Using the bash script from my previous post I can generate a list of all movie titles on tehconnection.eu and store them as lines in a text file called tehconnection.eu. I wanted this to sift through a giant list of movies I had on an old external hard drive. This ruby script (save in sort_by_tehconnection.rb) to check my directories list of movies against the list from tehconnection and move the files that exist in that list into a separate directory (which I'll then double check and delete).

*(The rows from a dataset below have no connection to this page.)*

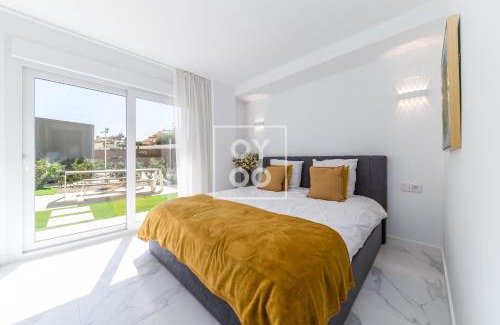 Punta Prima Apartment | Infinity Blue Luxury Flat by OYOOSTAYS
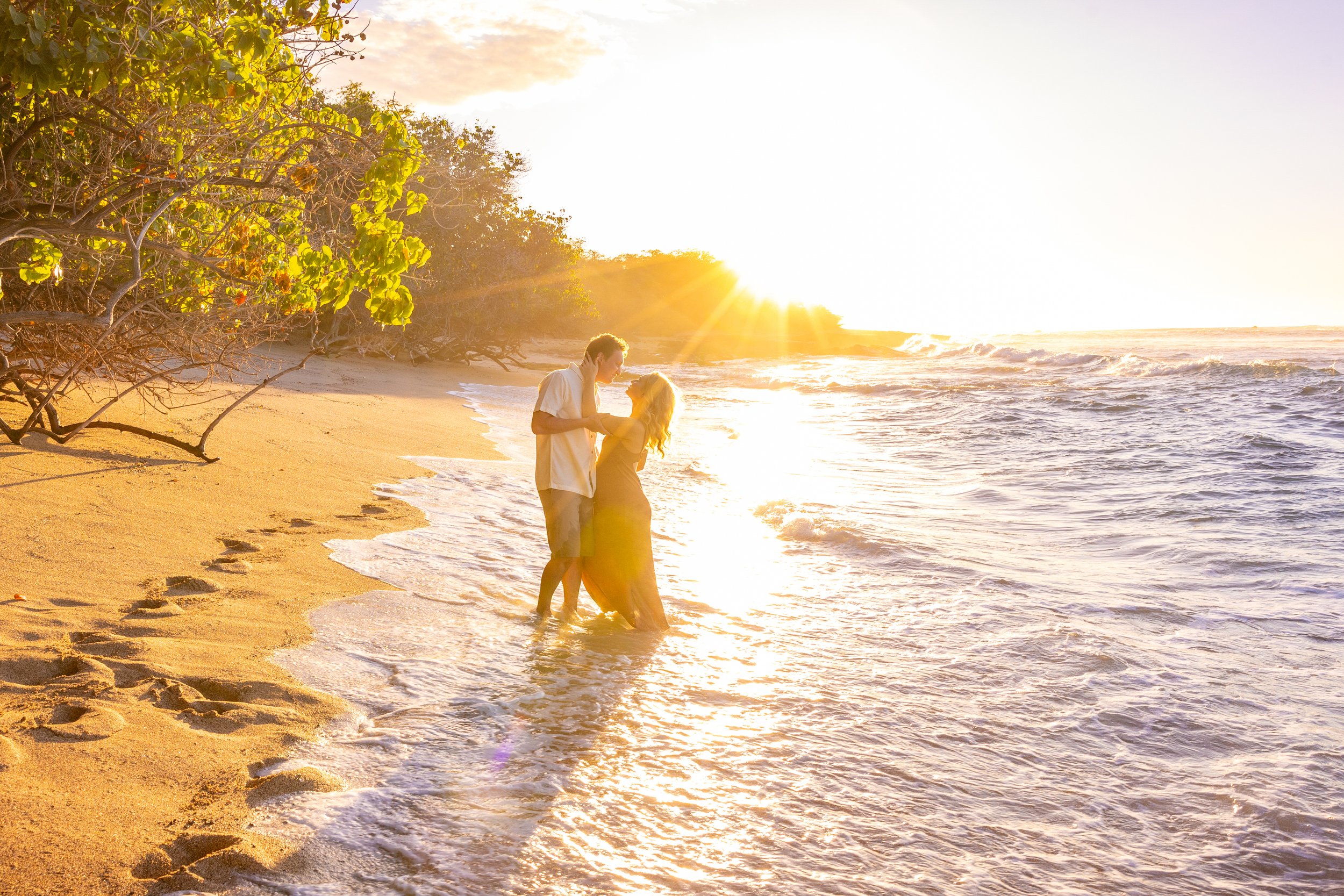 Family laughing at golden hour on the Big Island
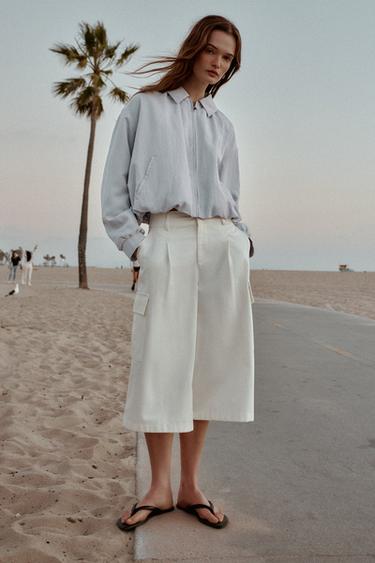 Zara BOMBER JAKNA S PUF RUKAVIMA – plavo nebo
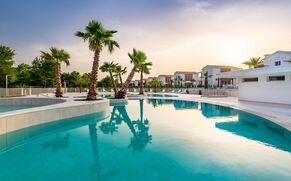 Pool at the sunset - Pareus Beach Resort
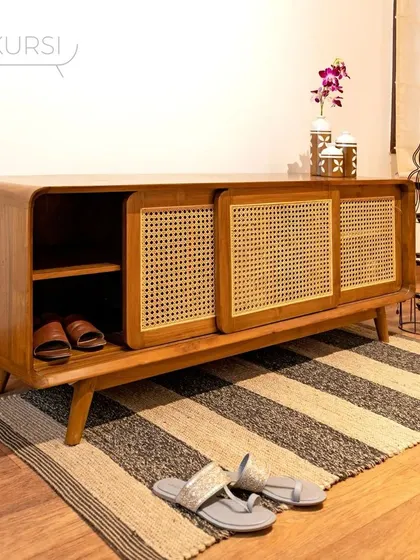 Another view of the 'Penthes' shoe rack, a piece that adds richness and depth to a foyer space.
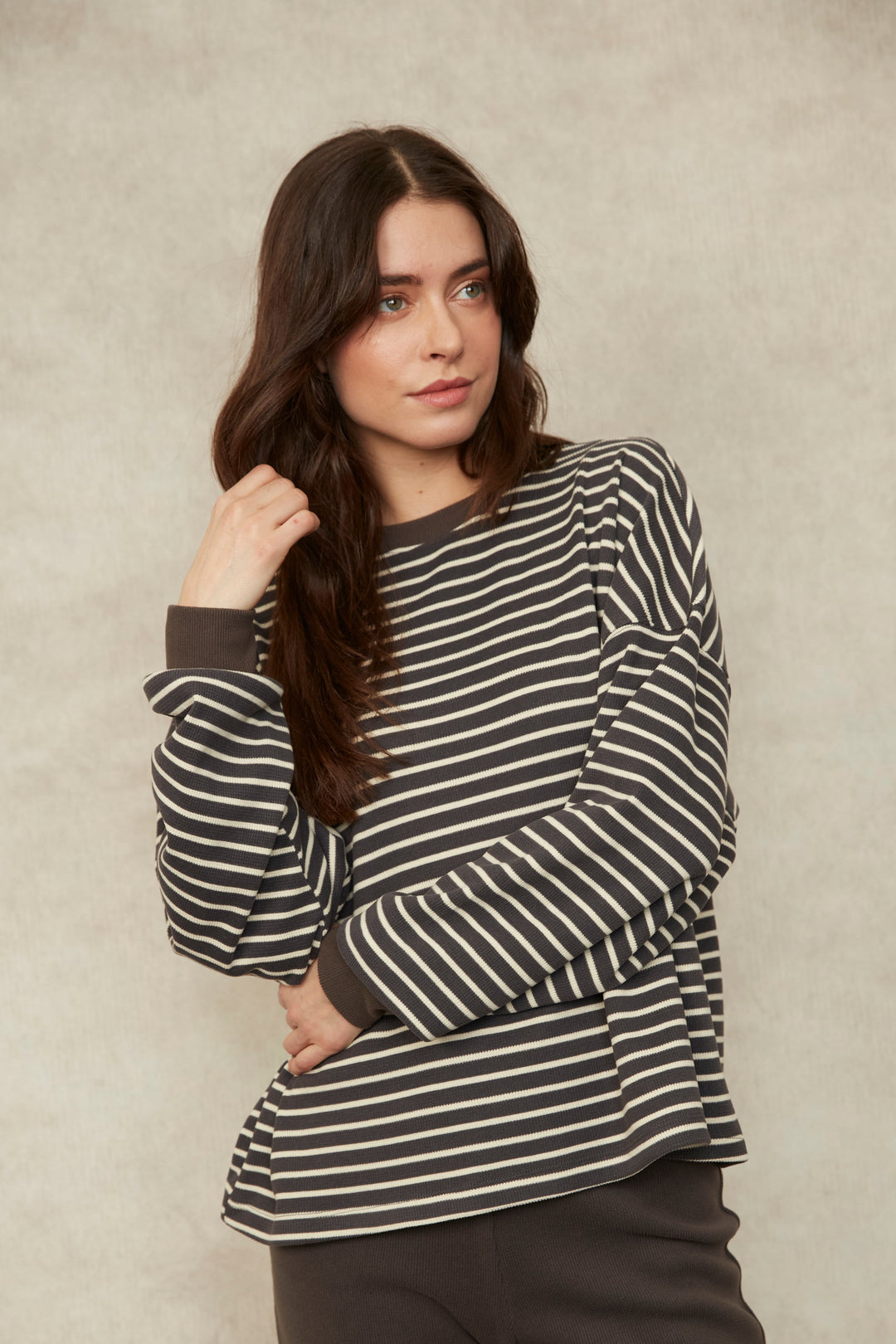A woman modeling a black and white horizontally striped long-sleeve top with dark brown pants, standing against a textured beige studio backdrop.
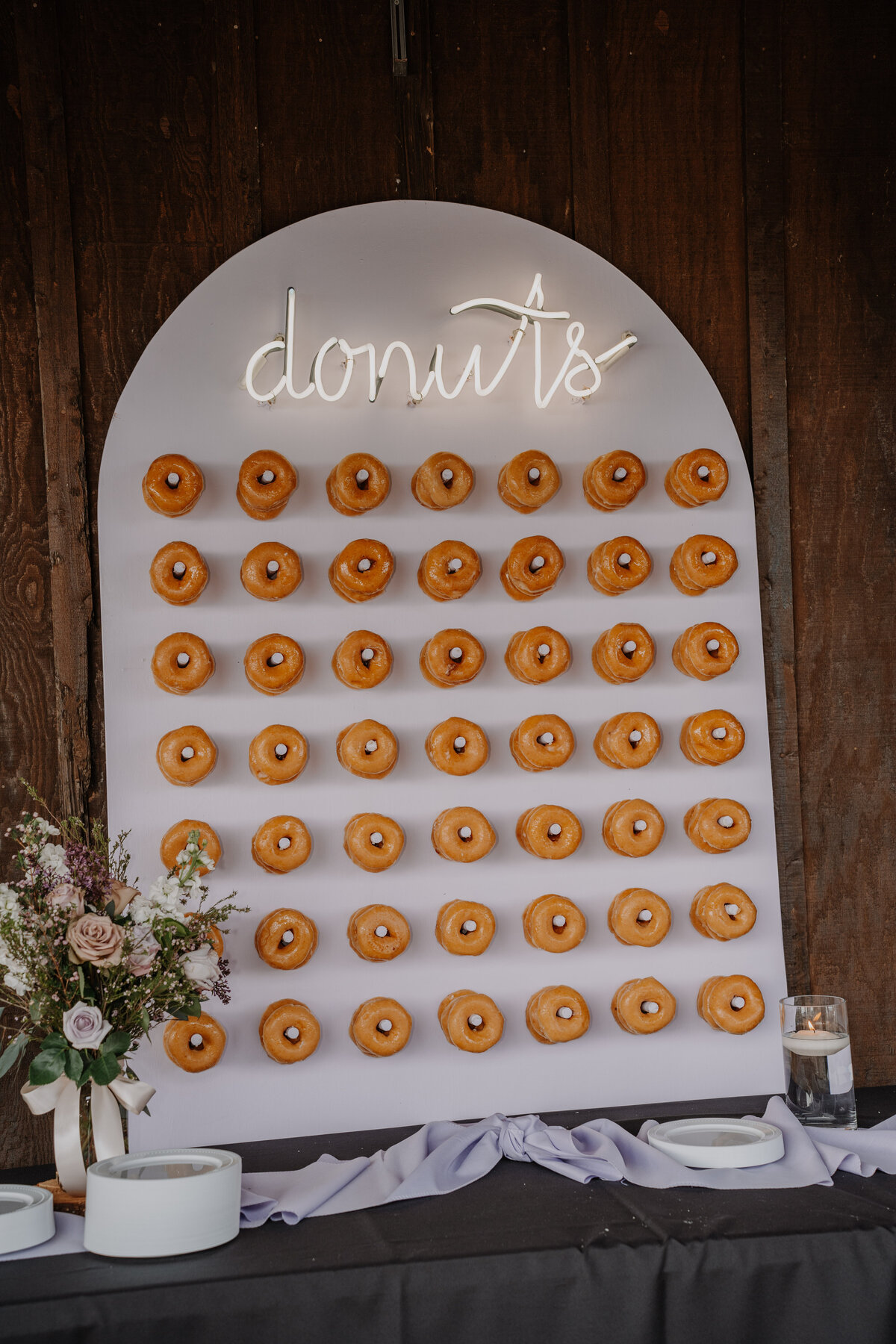 Board with pegs holding doughnuts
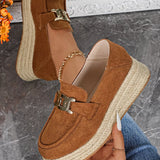 Brown suede espadrille loafers with chain detail held by a hand on a gray surface.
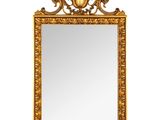 une image d'un miroir encadré d'or sur un fond blanc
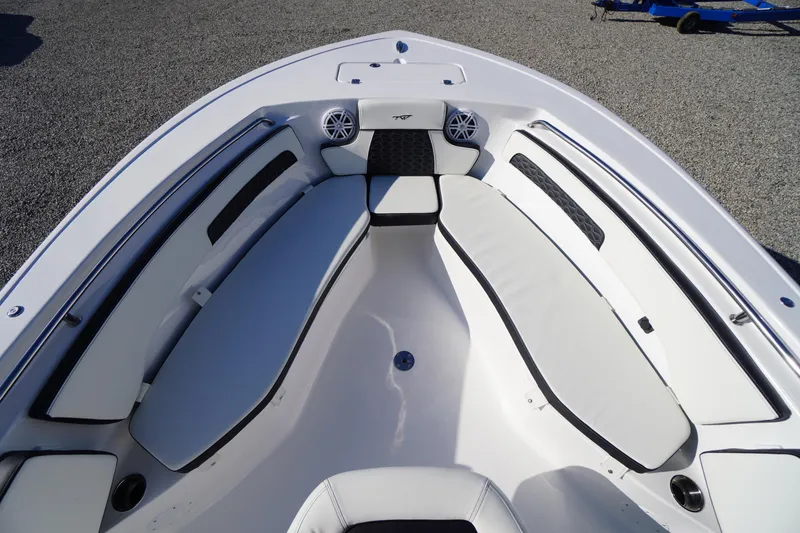 Slide: The Image of 2026 Tidewater 220 LXF boat interior with cushioned seating and speakers. - 10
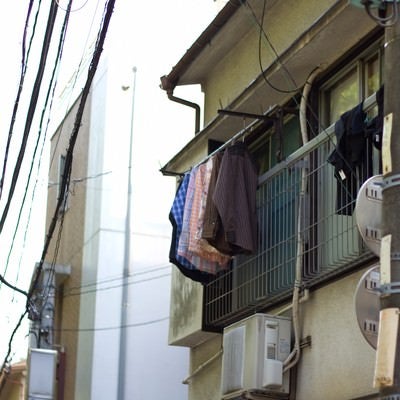 洗濯物が干された下町のアパートの写真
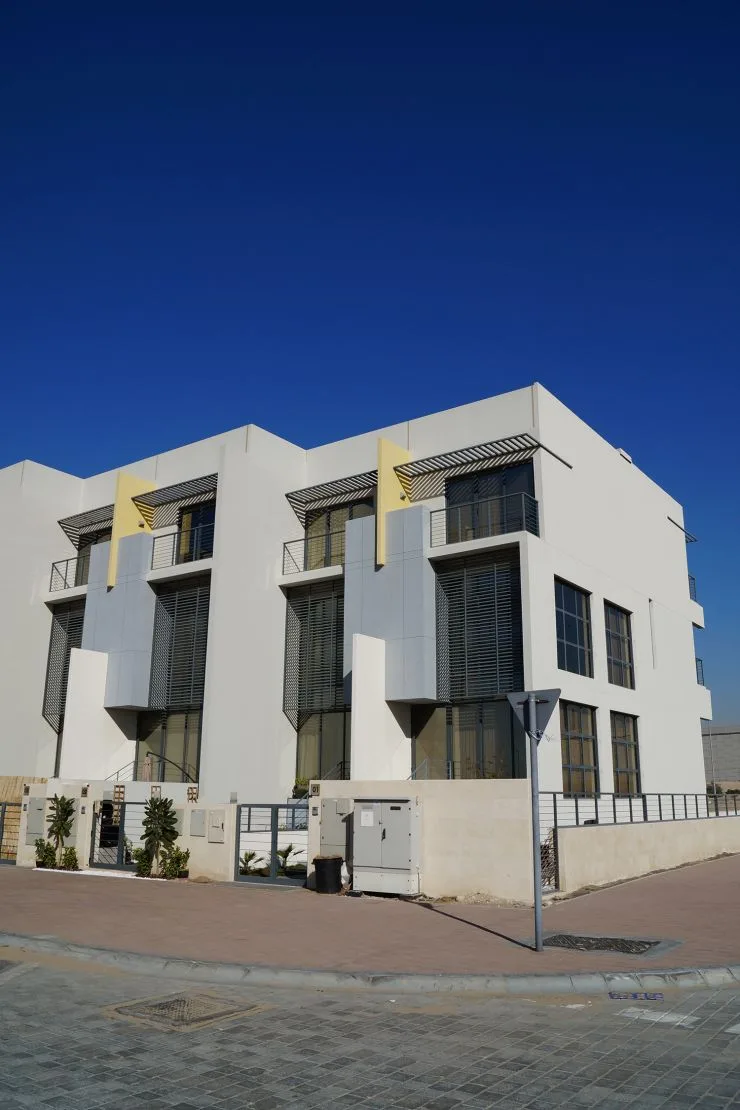 Corner townhouse block, white facade with yellow fins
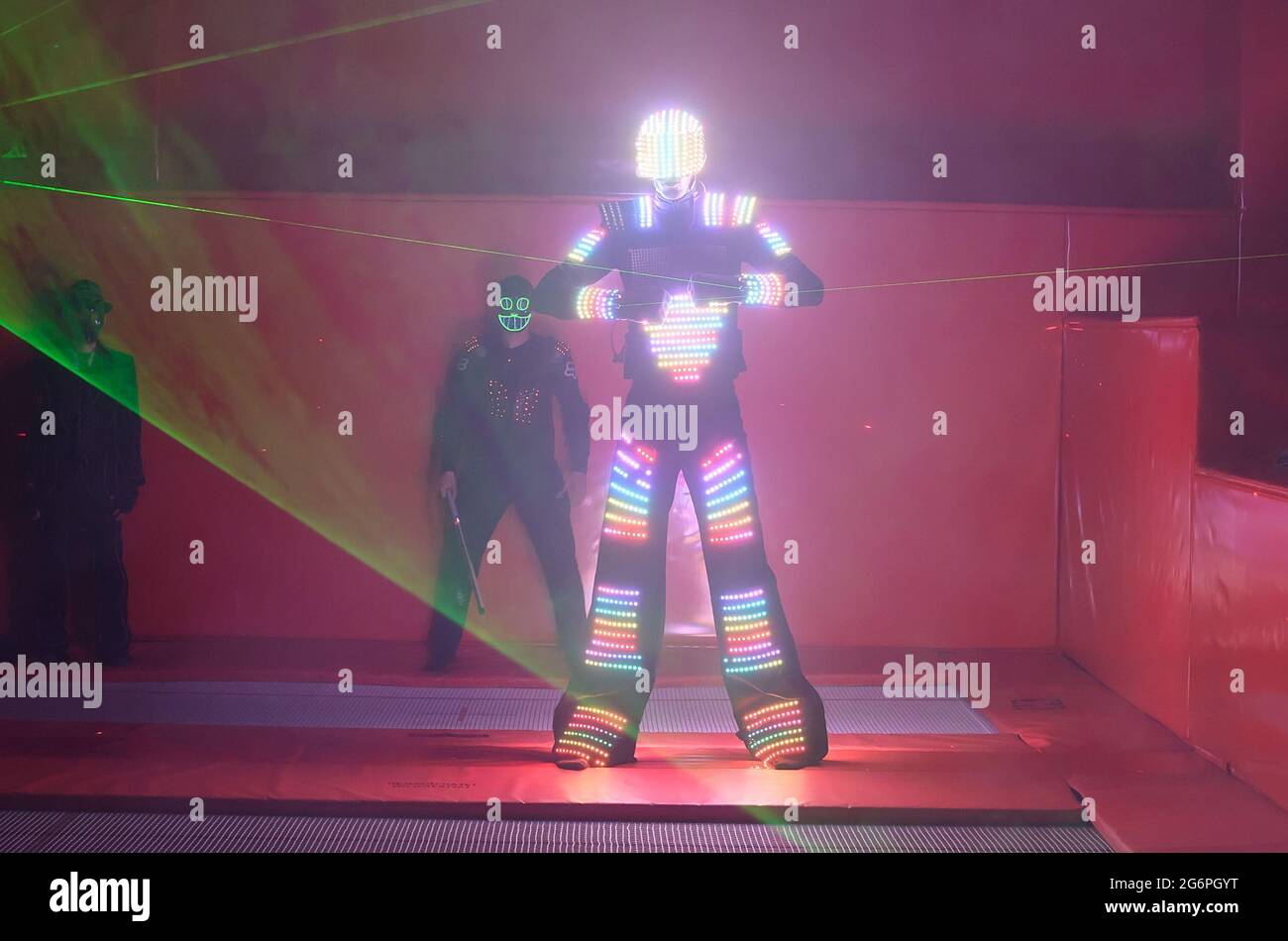Ein Tänzer in einem farbigen LED-Anzug tanzt mit einem Laser in den Händen  Stockfotografie - Alamy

Using the bash script from my previous post I can generate a list of all movie titles on tehconnection.eu and store them as lines in a text file called tehconnection.eu. I wanted this to sift through a giant list of movies I had on an old external hard drive. This ruby script (save in sort_by_tehconnection.rb) to check my directories list of movies against the list from tehconnection and move the files that exist in that list into a separate directory (which I'll then double check and delete).

#!/opt/local/bin/ruby

require "levenshtein_distance.rb"
require 'fileutils'

look_dir='/Volumes/Senorita/DOCUMENTARIES/Feature Documentaries/'
found_dir='/Volumes/Senorita/DOCUMENTARIES/Feature Documentaries/tehconnection/'

#files_array=File.readlines('files.txt');
files_array=Dir.entries(look_dir).reject{|entry| entry == "." || entry == ".." || entry == ".DS_Store"};
teh_array=File.readlines('tehconnection.txt').collect {|l| l.gsub(/[.!?:';"]/,"").downcase.sub(/^the /,"").chomp};
teh_array = teh_array.inject([]) do |res,e|
  if e =~/([^\(]*) \(aka ([^\)]*)\)/
    res.concat([$1,$2]);
  else
    res.concat([e]);
  end
end
teh_map = [];
teh_array.each do |e| 
  i = e.length-1;
  if teh_map[i].nil?
    teh_map[i] = [];
  end
  teh_map[i] << e
end
acceptable_dist=2
min_dist=10000
min_teh=""
files_array.each do |orig_title|
  title=orig_title.sub(/ *\([^\(]*\)/,"")
  title.downcase!
  title.sub!(/\.[^\.]*$/,"")
  title.sub!(/^the /,"")
  title.gsub!("\"","")
  title.sub!(/^marx brothers - /,"")
  len = title.length;
  max_len = [len+acceptable_dist,teh_map.length-1].min;
  min_len = [len-acceptable_dist,0].max;
  puts "#{title}..."
  (min_len..max_len).each do |l|
    l_array = teh_map[l];
    found = false;
    if not l_array.nil?
      l_array.each do |teh_title|
        dist=levenshtein_distance(title,teh_title)
        if dist<acceptable_dist
          # found
          puts "  FOUND (#{orig_title}): #{teh_title} --> #{title}, #{dist}"
          FileUtils.mv(look_dir+"/"+orig_title,found_dir+"/"+orig_title);
          found = true;
          break;
        end
      end
    end
    if found
      break;
    end
  end
end